Econet which is the single largest institutional investor in KMAL with 11% said the reversal of the deal between Kingdom, Meikles Africa and Tanganda was the only way to end the dispute between KMAL CEO Nigel Chanakira and Moxon.

Sources this week said Moxon and his business assocuiated had rejected the scheme of arrangements citing “formal and informal hurdles which needed to be finalised first”.

The Moxon family is said to be cautious of the agreement as they fear that it violates the rules of the Johannesburg Stock Exchange. They have also sought clarification with respect to similar Zimbabwe Stock Exchange regulations.

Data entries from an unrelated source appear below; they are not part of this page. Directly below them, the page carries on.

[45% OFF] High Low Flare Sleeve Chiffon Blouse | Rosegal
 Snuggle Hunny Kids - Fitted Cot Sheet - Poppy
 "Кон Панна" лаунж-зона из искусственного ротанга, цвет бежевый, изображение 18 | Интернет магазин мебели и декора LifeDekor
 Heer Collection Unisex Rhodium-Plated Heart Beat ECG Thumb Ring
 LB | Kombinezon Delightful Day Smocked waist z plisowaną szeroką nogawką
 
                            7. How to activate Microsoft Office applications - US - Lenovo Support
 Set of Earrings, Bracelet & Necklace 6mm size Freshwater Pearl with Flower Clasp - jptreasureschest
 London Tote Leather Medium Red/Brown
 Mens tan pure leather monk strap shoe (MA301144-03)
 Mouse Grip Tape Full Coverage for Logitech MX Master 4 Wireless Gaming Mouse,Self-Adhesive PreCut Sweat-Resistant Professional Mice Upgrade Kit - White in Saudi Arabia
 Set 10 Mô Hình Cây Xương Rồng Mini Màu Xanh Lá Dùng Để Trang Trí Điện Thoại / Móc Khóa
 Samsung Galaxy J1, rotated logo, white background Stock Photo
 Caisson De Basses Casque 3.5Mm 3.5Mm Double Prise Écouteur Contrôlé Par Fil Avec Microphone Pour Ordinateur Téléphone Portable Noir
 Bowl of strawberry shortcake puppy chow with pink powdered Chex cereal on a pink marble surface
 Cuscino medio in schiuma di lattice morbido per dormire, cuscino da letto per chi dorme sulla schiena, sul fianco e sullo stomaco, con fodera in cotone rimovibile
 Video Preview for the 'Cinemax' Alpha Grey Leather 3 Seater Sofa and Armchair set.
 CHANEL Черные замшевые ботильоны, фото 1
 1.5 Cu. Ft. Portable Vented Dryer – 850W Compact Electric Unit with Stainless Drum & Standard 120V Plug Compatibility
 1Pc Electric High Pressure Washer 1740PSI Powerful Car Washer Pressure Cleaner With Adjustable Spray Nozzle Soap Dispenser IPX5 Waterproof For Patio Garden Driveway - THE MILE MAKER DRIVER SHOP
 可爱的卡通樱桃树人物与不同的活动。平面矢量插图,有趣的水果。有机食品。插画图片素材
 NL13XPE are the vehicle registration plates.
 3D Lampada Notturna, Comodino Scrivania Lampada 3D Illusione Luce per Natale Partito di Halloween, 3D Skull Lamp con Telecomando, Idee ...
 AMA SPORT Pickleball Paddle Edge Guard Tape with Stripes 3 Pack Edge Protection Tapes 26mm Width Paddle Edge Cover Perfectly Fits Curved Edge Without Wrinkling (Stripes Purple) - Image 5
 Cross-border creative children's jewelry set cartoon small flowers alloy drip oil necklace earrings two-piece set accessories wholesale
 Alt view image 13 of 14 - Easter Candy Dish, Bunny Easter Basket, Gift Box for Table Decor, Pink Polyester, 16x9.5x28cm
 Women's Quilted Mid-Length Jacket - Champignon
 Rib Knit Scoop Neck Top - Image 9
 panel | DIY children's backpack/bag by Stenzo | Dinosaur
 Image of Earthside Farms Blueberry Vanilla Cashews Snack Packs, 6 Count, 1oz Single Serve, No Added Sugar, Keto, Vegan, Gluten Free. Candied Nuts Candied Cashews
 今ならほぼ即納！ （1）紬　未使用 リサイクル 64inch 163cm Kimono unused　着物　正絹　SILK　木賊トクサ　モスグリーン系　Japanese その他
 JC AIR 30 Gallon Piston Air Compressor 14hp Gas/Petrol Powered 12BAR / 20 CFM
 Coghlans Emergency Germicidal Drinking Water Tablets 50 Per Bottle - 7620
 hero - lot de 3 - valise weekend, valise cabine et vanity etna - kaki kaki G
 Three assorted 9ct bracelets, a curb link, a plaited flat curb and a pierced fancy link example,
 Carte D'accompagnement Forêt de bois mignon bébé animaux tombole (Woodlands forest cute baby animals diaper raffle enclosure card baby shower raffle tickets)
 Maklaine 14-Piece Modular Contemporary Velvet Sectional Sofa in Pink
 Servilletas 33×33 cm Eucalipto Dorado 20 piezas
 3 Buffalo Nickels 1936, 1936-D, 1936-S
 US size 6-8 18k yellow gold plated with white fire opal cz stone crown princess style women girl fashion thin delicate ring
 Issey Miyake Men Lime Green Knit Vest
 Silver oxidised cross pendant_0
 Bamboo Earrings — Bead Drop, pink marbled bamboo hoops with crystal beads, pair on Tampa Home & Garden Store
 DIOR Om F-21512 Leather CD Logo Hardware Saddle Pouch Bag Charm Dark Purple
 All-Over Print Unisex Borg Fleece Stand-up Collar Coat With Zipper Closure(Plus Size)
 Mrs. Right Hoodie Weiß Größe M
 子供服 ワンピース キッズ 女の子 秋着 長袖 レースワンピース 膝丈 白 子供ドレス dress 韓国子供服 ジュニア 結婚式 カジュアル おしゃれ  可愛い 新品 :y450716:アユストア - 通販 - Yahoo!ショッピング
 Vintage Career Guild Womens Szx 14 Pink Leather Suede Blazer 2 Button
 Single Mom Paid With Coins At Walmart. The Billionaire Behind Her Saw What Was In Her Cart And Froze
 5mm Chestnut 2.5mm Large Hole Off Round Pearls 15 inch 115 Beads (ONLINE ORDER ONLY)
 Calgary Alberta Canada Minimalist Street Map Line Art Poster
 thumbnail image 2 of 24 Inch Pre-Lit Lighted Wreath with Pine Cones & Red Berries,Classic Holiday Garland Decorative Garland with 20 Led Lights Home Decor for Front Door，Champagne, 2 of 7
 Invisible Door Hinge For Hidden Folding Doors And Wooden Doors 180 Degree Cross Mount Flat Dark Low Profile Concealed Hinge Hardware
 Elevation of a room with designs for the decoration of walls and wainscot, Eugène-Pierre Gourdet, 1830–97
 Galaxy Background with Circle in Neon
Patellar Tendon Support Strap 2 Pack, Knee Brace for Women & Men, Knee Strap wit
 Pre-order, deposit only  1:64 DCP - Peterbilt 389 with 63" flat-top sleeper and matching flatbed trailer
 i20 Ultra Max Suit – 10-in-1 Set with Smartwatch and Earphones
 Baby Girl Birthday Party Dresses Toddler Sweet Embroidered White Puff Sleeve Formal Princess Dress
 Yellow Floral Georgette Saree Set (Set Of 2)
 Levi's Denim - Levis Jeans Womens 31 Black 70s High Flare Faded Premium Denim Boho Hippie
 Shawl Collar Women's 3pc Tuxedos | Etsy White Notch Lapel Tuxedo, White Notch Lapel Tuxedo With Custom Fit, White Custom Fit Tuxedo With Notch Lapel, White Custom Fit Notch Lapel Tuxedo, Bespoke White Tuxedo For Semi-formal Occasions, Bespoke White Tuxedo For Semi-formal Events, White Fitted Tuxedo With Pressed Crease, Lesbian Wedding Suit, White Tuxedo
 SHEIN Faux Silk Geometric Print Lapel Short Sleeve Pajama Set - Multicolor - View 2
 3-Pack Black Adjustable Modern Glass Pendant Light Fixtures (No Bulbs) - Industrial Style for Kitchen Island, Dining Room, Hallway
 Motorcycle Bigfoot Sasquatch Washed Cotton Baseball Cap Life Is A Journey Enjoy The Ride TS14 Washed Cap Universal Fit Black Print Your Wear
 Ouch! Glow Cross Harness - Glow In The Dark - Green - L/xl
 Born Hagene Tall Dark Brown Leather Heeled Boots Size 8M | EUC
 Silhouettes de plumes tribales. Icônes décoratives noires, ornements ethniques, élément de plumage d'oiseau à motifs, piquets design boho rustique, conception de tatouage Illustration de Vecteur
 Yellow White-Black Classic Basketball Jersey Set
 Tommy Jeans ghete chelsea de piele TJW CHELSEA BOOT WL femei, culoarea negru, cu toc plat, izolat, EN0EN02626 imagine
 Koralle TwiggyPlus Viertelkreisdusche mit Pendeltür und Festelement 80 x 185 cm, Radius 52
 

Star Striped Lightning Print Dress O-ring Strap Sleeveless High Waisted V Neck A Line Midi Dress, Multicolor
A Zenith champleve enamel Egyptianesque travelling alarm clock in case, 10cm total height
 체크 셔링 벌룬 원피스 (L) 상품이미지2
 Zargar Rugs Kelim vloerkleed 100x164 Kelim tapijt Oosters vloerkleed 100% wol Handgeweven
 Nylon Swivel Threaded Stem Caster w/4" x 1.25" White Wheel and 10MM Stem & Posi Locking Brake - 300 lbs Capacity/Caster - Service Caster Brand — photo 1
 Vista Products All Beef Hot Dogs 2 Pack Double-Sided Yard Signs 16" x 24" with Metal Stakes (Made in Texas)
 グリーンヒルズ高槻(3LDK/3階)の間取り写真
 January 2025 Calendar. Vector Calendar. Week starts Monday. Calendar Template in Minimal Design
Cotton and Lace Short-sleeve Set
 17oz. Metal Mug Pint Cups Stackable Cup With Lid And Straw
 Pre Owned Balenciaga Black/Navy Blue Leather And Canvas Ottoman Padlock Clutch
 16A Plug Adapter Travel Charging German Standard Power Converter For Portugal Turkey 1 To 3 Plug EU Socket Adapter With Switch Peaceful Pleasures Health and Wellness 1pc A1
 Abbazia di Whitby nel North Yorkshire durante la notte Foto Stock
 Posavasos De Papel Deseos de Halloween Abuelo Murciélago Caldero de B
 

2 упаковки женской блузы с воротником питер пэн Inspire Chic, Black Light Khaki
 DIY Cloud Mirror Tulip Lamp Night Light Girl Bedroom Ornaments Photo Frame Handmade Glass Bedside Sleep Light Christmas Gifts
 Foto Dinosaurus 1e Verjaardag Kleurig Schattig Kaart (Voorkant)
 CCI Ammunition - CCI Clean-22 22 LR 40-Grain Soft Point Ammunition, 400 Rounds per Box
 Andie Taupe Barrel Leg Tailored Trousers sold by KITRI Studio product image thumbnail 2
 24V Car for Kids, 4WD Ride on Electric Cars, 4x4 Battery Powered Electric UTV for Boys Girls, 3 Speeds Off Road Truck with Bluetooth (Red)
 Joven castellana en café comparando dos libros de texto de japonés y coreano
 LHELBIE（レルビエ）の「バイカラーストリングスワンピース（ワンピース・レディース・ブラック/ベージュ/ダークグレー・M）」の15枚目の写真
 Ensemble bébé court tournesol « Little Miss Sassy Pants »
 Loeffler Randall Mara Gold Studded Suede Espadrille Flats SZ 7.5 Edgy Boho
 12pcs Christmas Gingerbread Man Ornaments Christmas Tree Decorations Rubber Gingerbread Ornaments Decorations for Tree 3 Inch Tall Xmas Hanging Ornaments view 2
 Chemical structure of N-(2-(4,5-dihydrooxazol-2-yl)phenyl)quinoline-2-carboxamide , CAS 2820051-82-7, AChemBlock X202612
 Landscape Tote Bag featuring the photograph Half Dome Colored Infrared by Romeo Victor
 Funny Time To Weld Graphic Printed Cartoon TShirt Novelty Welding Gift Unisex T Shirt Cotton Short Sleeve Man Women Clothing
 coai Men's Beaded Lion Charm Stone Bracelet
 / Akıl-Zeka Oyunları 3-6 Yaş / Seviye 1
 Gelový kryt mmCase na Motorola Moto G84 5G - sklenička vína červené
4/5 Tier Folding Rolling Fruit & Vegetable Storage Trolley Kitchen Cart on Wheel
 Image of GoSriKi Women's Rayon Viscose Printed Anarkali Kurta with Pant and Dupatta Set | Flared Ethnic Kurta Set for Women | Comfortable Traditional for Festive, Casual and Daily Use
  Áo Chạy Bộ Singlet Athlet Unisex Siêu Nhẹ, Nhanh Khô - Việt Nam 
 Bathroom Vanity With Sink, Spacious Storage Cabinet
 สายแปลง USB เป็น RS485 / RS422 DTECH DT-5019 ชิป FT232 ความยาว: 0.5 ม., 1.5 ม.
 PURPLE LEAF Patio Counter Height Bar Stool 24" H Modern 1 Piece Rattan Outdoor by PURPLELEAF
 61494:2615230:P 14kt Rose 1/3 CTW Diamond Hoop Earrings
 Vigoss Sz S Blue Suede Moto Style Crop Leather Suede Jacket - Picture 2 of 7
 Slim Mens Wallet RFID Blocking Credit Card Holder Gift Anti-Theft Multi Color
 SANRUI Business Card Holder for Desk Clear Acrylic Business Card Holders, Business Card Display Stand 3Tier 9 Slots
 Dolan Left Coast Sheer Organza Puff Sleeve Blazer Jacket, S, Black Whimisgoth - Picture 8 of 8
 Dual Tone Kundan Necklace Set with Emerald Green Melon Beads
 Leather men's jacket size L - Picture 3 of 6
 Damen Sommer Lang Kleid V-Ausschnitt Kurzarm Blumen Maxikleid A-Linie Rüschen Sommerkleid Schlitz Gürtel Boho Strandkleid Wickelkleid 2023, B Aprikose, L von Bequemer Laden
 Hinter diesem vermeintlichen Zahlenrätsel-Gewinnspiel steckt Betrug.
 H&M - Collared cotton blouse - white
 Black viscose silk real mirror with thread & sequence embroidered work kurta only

“They (Moxon family) also need to be equally cognisant of London Stock Exchange regulations in this respect,” officials said yesterday.

The Econet plan seen by the Independent this week proposes the parties to the dispute shall withdraw any litigation between them and that the directors of KMAL shall withdraw any litigation against Moxon or any company associated with him.

Econet proposed that within 48 hours of the signature of the agreement, the current board of KMAL shall be restructured into an interim board through the appointment of additional representatives of the Moxon family such that they will have six representatives on the board.

The interim board, it is being proposed would  restructure the KMAL Group before shareholders vote at an EGM in favour of a scheme of arrangement in which:

 

  • KMAL shall transfer to its shareholders pro rata to their shareholdings in KMAL 100% of the issued share capital of Kingdom Financial Holdings Ltd, simultaneously with the transfer by KMAL to Kingdom Financial Holdings Ltd of 100% of the issued share capital of Tanganda;

 

  • l KFHL shall re-list on the Zimbabwe Stock Exchange;
  •  The interim board of KMAL shall resign upon the completion of restructuring of the company and a new board shall be appointed;
  •  The Moxon family shall appoint the chairperson of the board of Meikles Africa Ltd;
  •  They will also appoint four more directors of their choice, provided that in making the appointment, they will be sensitive to the possible impact of the indigenisation legislation on the composition of boards.
  •  Econet shall appoint two board representatives;
  • The parties shall appoint an additional two directors by consensus to represent the interests of minority shareholders,
  •  The new board of directors shall appointed all the subsidiary boards;
  • The Moxon family shall have management control of the company, subject to the authority of the board, the document said.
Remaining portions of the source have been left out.